2018/04/30

 今朝目覚めてすぐに予感した。
 今日は、苛立ちの虫が猛威をふるうだろう。
 それは、出勤時の、ちょうどいいタイミングで放送されるテレビの天気予報で、東京は晴れ、最高気温は24℃、対して千葉はくもり、最高気温は少し下がり……と、気象予報士が正確な予報を伝えるようなもの。今朝、私の頭のなかでは、よほどのプライドをひっさげていそうな情緒予報士が、時を刻むように正確に、順々に、私の2018年04月30日の情緒予報を知らせていた。
 それによると、今日は、時折、ピリッと苛立つでしょう、とのこと。
 ちなみに、苛立ちの虫が元気なときは、仕方がないので、遠くでも眺めていましょう、だそうです。

 案の定、予報はあたった。
 ふとしたタイミング。そう、苛立つ瞬間は、だれだってふとしたタイミングだ。しかしことあるごとに……ではないのが、また難しい。ふだんなら流せるところを、3回に1度のペースで、からい山椒みたいな刺激でスイッチが入り、どこからともなく、わらわらと、苛立ちの虫たちが頭のなかにやってくる。そうなると、なにかを言いたくなるし、キッとした強い目線を送りたくなるし、落ち着きもなくなるし……。
 そのとき、情緒予報を思い出した。遠くでも眺めていましょう。遠くでも眺めるか、ドライフルーツでもハムハム食べていましょう(それは今付け足したやつ)。ああ、もう、そうしよう。と、ちょうど外にいたので、頭上の青空を眺めてみた。青々と茂った木々の、風の調子に合わせてしなる緑を観察した。2つ先の信号機の青色赤色の調子を見守った。マンゴーのドライフルーツをハムハム食したりもした。
 結果としては、そんなに変わるものでもない。なんだい、宛てにならないじゃんか。なにが情緒予報だ。信じた私がばかだった(信じた先にも私がいるんだけど)。

 

 苛立ったあとが、たいへんだ。
 たいてい、悲しみがせりあがるのだ。
「こんなことで、ツンツンと苛ついて、私の許容量はなんて少ないのか!」
「おんなじことでおんなじ反応をして、私の学習能力はどうなってるんだ!」
「あと、苛立ったあとの悲しみって、それこそ何度繰り返してるんだ!」
 ……とかなんとか、責め立ててしまって楽しい気分になるマゾはいるわけがなく、私はどんどんと、身体が小さくなっていくような気になっていった。

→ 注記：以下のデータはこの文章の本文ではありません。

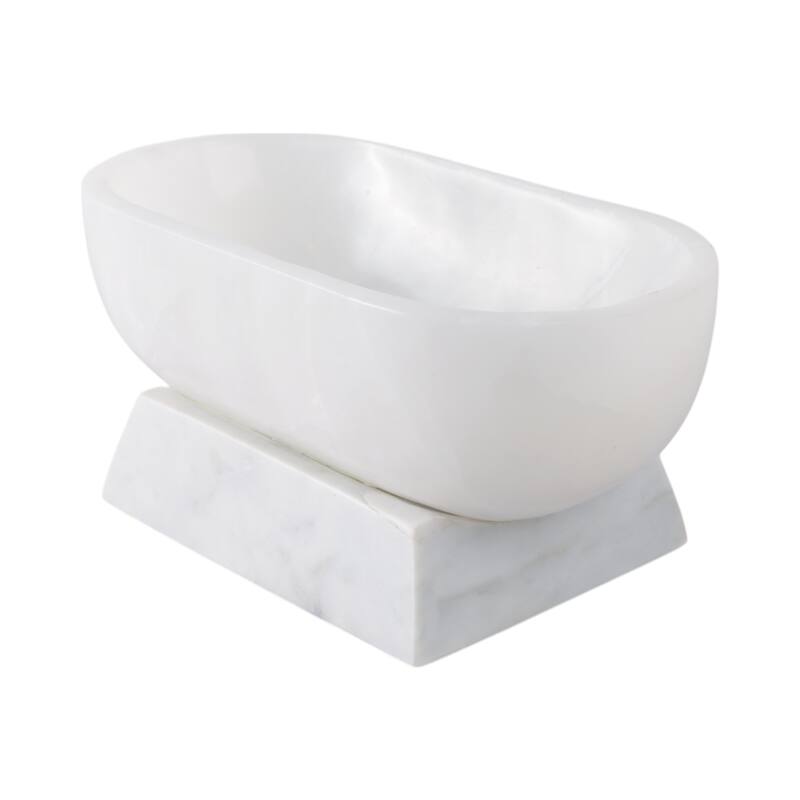 Stone Decorative Bowl Pedestal Base Polished Finish - 5" White - 12" x 6" x 5"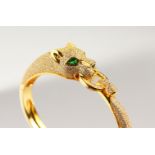 A GOOD GOLD PLATE PANTHER BANGLE.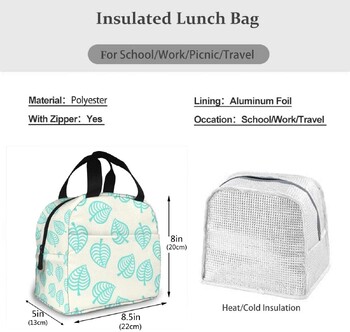 Animal Crossing Leaves Proof Leak and Refrigered Lunch Bag - Durable Compact School Lunch Box for Women Men Παιδιά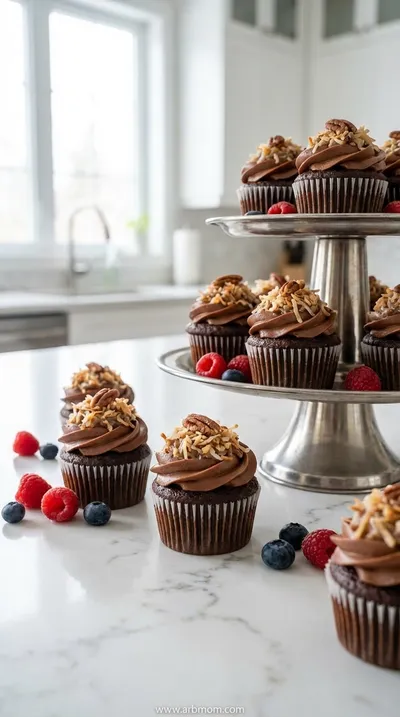 German Chocolate Cupcakes – Mini Chocolate Cakes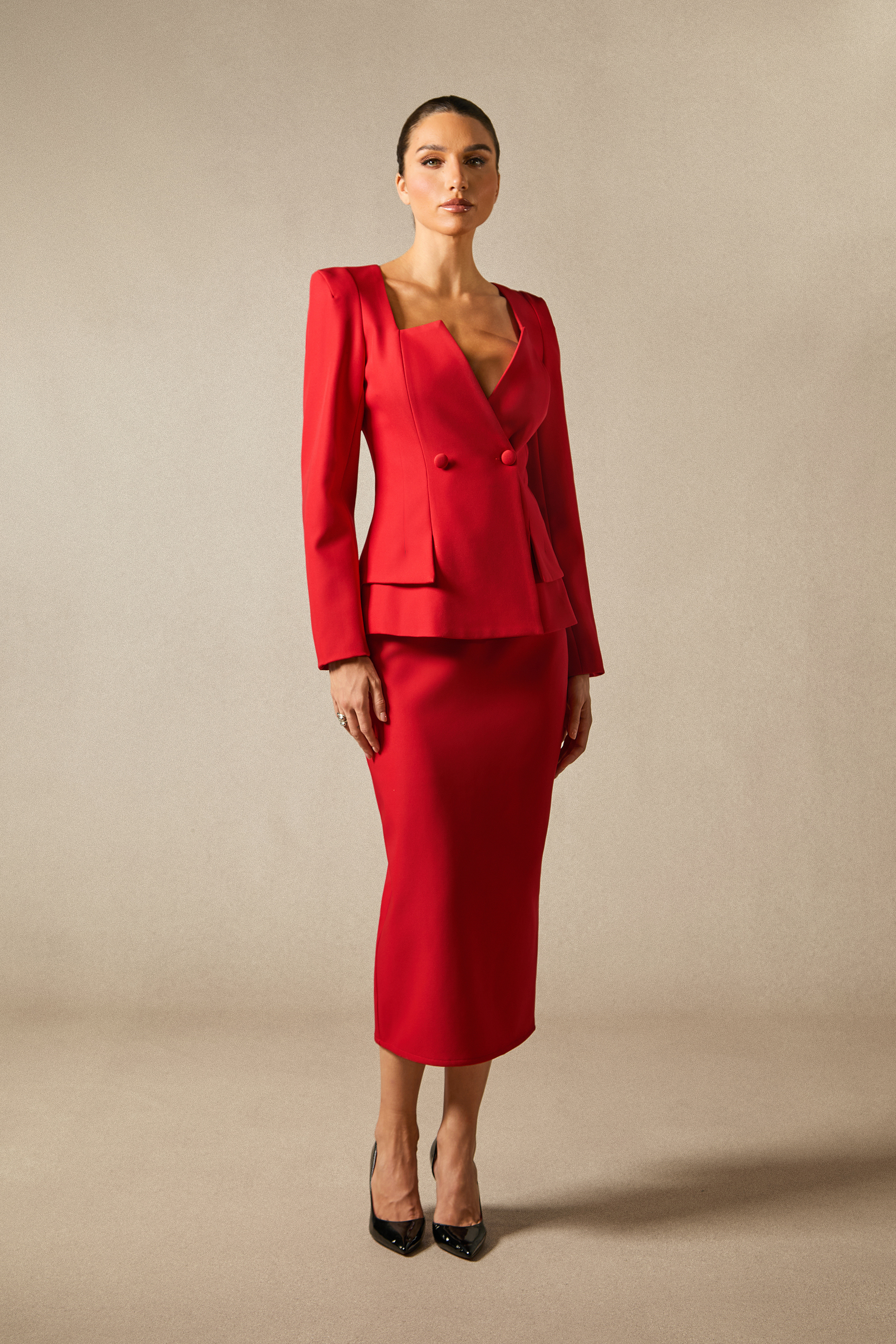 Anna Double Breasted Blazer & Pencil Skirt Set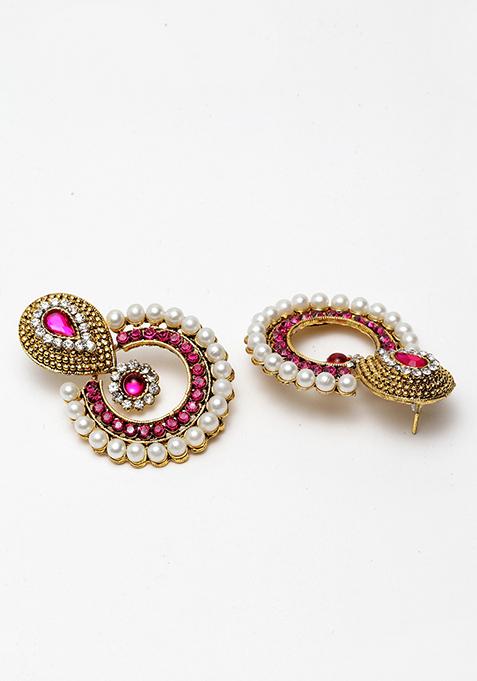 Pink Artificial Stone Bead Chandbali Earrings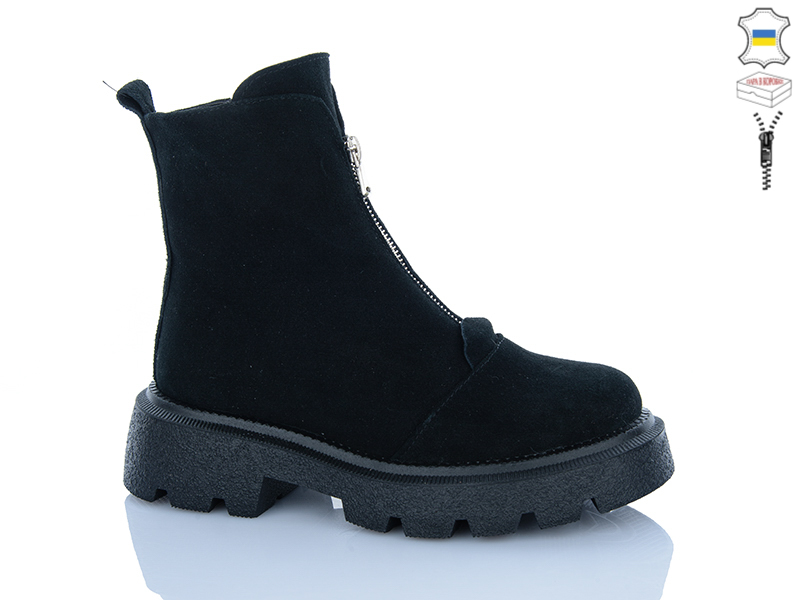 Ботинки Garti (36-40) 307 чорний замш байка (деми)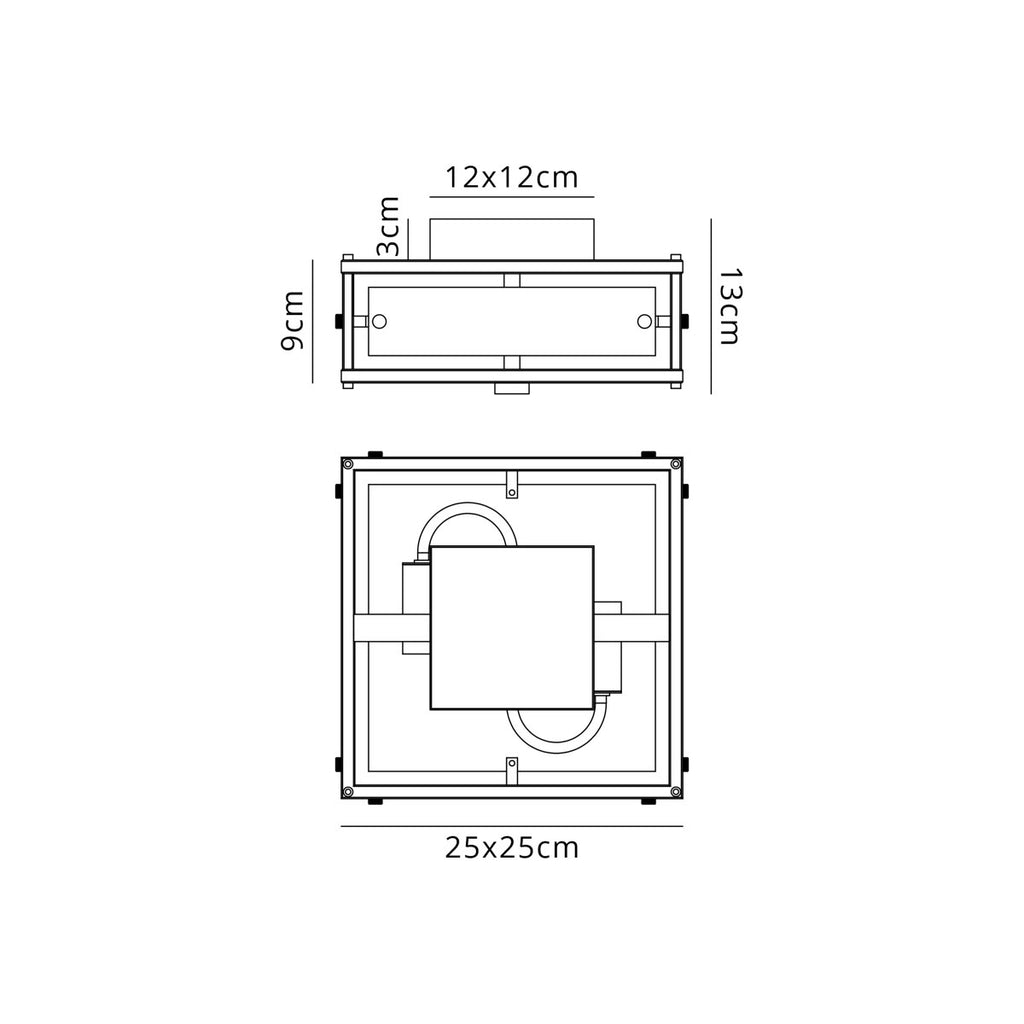 Regent Ramatuelle 2 Light 250x250mm Square Flush Ceiling Light - dimensions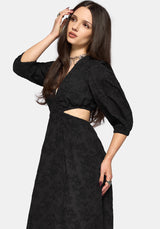 Lila Broderie Cut Out Maxi Dress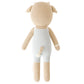 Asher the Cow - Regular 20" by Cuddle + Kind: a tan knit stuffed animal in white overalls, shown from the back with a tail and small horns—born on May 20th to inspire daily kindness.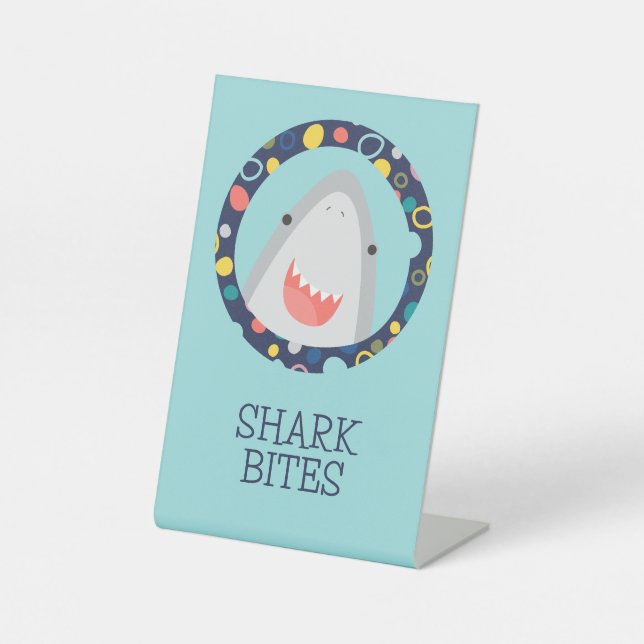 Cute Shark Bites  Pedestal Sign (Front)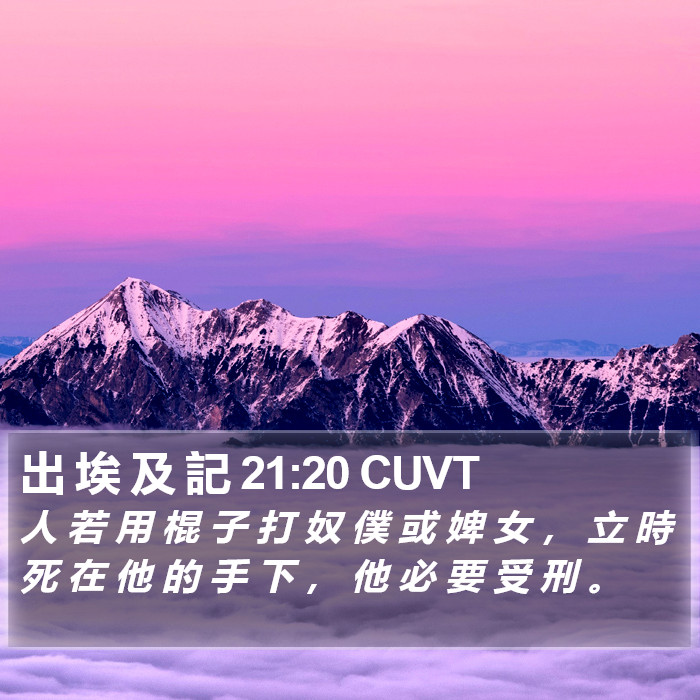 出 埃 及 記 21:20 CUVT Bible Study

 私の今日は、苛立ちの虫に邪魔された。ああ、かってに疲れたなあ。
 しかしかれらの主張は、たいてい正しくて、さらには優しく誠実なときがあるのを、私はちゃんと知っている。たとえば、私がすべき課題から逃げて、どこか街をブラブラしていたときなんて、苛立ちの虫の攻撃のさまは悍ましいものだった。本当に心の底から辛い気持ちにさせるほど、イライラして腹が立ってしかたがなく、つまり、私が不誠実なことをすると、かれらはちゃんと警告をするのだ(それを自分自身に向けた苛立ちなのだ、と気付いたのはずっとずっと先のことになるわけなので、当時の私はわけもなくイガイガとしていたものの)。
 だから、苛立ちの虫の大発生なるものは、きっとそれなりの理由があるのだろう。そうでなければ、私を侵食しないはず。
 と思って、と思うことにして。
 今日は、ああ、もう、しかたないか。
 ゆっくり休んで、そう、ゆっくり休めば、少しは疲れがとれるだろう。